TJ-SP julga lícito garoto de programa cobrar cliente devedor por serviços sexuais
Por Eduardo Velozo Fuccia
Um garoto de programa poderá cobrar em juízo pelos serviços sexuais combinados verbalmente e prestados a um cliente, conforme decidiu por unanimidade a 35ª Câmara de Direito Privado do Tribunal de Justiça de São Paulo (TJ-SP). Em primeira instância, a petição inicial do contratado havia sido indeferida, sendo prolatada sentença de extinção de ação sem resolução do mérito.
“Permitir o acesso à Justiça é respeitar a dignidade sexual, a soberania sobre o próprio corpo e a livre autonomia no ato de contratar”, fundamentou o desembargador Morais Pucci, relator do recurso de apelação interposto pelo garoto de programa. O seu voto foi seguido pelos desembargadores Flavio Abramovici e Gilson Delgado Miranda.
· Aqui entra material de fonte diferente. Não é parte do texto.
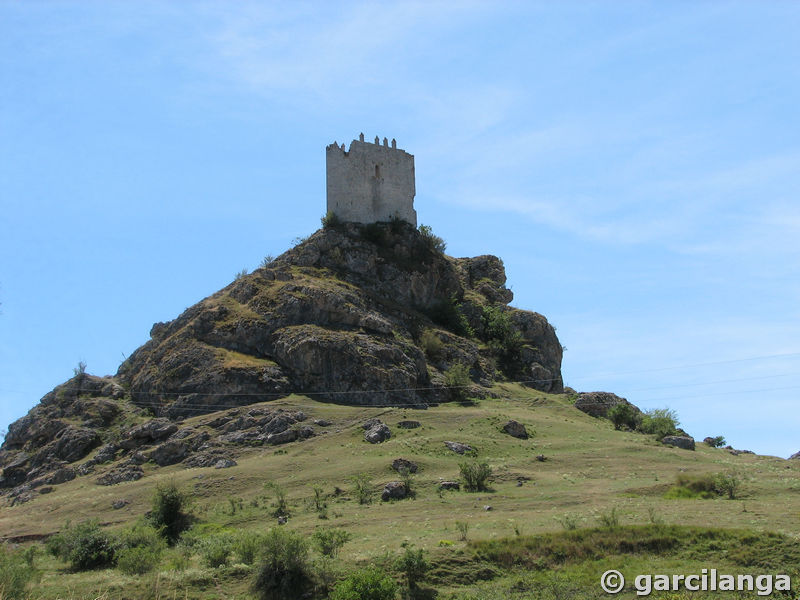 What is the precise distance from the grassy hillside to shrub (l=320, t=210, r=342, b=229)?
25.6 m

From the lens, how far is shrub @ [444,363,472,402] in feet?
256

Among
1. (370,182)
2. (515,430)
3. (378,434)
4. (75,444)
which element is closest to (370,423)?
(378,434)

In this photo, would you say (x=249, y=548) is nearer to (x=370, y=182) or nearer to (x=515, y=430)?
(x=515, y=430)

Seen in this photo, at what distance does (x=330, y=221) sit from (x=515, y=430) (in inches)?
1452

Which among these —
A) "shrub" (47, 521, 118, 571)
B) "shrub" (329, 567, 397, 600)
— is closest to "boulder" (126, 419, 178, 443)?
"shrub" (47, 521, 118, 571)

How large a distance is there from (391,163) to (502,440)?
142ft

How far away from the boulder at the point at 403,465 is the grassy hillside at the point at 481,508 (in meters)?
0.46

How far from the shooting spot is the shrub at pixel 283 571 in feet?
124

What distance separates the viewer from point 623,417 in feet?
249

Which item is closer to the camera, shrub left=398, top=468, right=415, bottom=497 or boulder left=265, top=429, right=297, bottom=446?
shrub left=398, top=468, right=415, bottom=497

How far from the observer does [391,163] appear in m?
96.4

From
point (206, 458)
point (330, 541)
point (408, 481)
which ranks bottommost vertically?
point (330, 541)

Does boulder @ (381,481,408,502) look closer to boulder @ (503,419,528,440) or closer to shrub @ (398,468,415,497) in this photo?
shrub @ (398,468,415,497)

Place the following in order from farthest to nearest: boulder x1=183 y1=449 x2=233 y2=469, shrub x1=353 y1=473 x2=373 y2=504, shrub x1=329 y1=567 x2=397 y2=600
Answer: boulder x1=183 y1=449 x2=233 y2=469 → shrub x1=353 y1=473 x2=373 y2=504 → shrub x1=329 y1=567 x2=397 y2=600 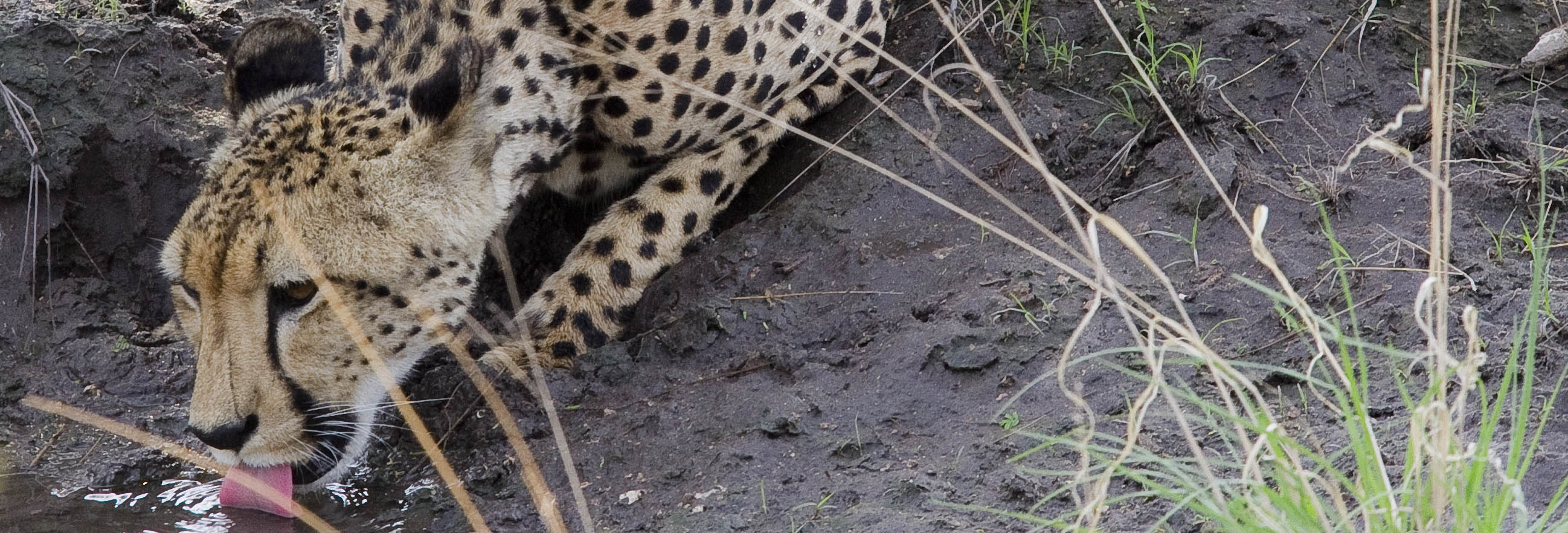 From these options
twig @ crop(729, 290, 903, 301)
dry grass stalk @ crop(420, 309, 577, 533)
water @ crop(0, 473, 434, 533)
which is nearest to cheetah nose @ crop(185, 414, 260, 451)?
water @ crop(0, 473, 434, 533)

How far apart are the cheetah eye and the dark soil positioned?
0.54m

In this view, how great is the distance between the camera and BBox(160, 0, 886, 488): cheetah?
3.37 m

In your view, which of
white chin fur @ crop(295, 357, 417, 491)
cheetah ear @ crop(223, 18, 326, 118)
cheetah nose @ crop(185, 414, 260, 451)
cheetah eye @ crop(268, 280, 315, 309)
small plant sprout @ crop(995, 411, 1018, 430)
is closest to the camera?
small plant sprout @ crop(995, 411, 1018, 430)

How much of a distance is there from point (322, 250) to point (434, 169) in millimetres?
329

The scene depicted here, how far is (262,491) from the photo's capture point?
3391mm

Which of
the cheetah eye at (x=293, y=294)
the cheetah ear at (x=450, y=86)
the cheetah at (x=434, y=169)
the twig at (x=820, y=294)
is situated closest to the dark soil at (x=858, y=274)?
the twig at (x=820, y=294)

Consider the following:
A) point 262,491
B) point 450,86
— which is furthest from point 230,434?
point 450,86

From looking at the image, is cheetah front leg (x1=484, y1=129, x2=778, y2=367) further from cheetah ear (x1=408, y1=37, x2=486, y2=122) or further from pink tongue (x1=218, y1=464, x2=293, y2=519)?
cheetah ear (x1=408, y1=37, x2=486, y2=122)

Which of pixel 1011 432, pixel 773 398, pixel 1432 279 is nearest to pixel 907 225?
pixel 773 398

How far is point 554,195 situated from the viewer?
4.71 metres

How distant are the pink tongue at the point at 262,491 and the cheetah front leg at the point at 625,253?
26.8 inches

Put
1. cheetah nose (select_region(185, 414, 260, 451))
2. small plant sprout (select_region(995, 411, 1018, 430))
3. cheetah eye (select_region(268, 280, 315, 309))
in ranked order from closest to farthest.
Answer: small plant sprout (select_region(995, 411, 1018, 430)) < cheetah nose (select_region(185, 414, 260, 451)) < cheetah eye (select_region(268, 280, 315, 309))

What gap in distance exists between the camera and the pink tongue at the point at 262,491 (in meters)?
3.43

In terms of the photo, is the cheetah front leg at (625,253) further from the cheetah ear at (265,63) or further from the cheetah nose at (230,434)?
the cheetah ear at (265,63) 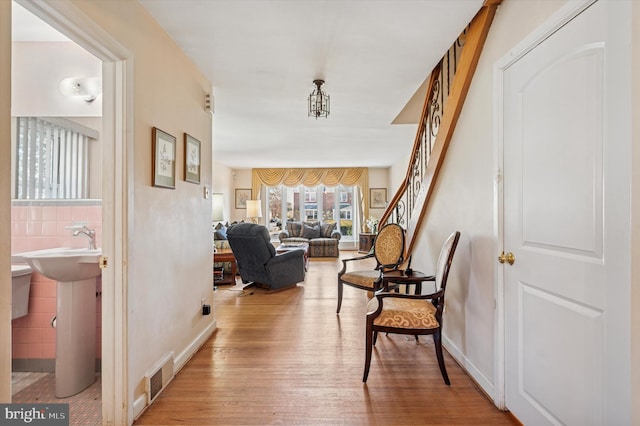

O colegiado determinou o afastamento da sentença da 3ª Vara Cível de Botucatu, município distante 235 quilômetros de São Paulo. O juízo de primeiro grau entendeu que a ação não poderia prosperar porque o negócio jurídico (contrato sexual verbal), para ser válido, deve observar a licitude do objeto, não vedado legalmente e nem ofensivo aos bons costumes e à moral.
“Atualmente, com a evolução da sociedade contemporânea, que está em constante transformação de seus valores, a atividade de prestação de serviços sexuais tem se integrado à realidade atual”, observou Pucci. Feita esta análise, ele afastou a pretensa ofensividade à moral e aos bons costumes apontada na sentença.
O relator também destacou que a prostituição em si não é crime e, portanto, o contrato verbal de prestação de serviço também não é ilícito. Ele assinalou que a atividade de trabalhador do sexo, embora não seja regulamentada, aparece sob o nº 5.198 na listagem da Classificação Brasileira de Ocupações (CBO), do Ministério do Trabalho e Emprego, como categoria profissional, refletindo “mudança na mentalidade dominante”.
“A Justiça, que não deve fechar os olhos à evolução da sociedade, precisa estar atenta a suas transformações. Não se pode negar tutela jurídica àquele que busca amparo do Estado, cobrando o valor ajustado de quem se aproveitou de seus serviços de cunho sexual, livremente contratados”, concluiu Pucci.
Anulada a sentença, a petição inicial do garoto de programa será recebida e a ação seguirá o seu curso natural com a designação de audiência de conciliação ou de mediação. Na hipótese de não haver composição amigável entre as partes, o réu contratante, por meio de seu advogado, terá 15 dias para apresentar a sua resposta quanto aos fatos alegados pelo contratado.
O autor da ação alega que foi contratado para os serviços sexuais em 22 de agosto de 2020. Embora o acordo tenha sido verbal, prints de diálogos entre ele e o contratante pelo WhatsApp foram juntados como provas. O garoto de programa cobra do réu o pagamento de R$ 15.935,90, acrescidos de juros de mora e correção monetária.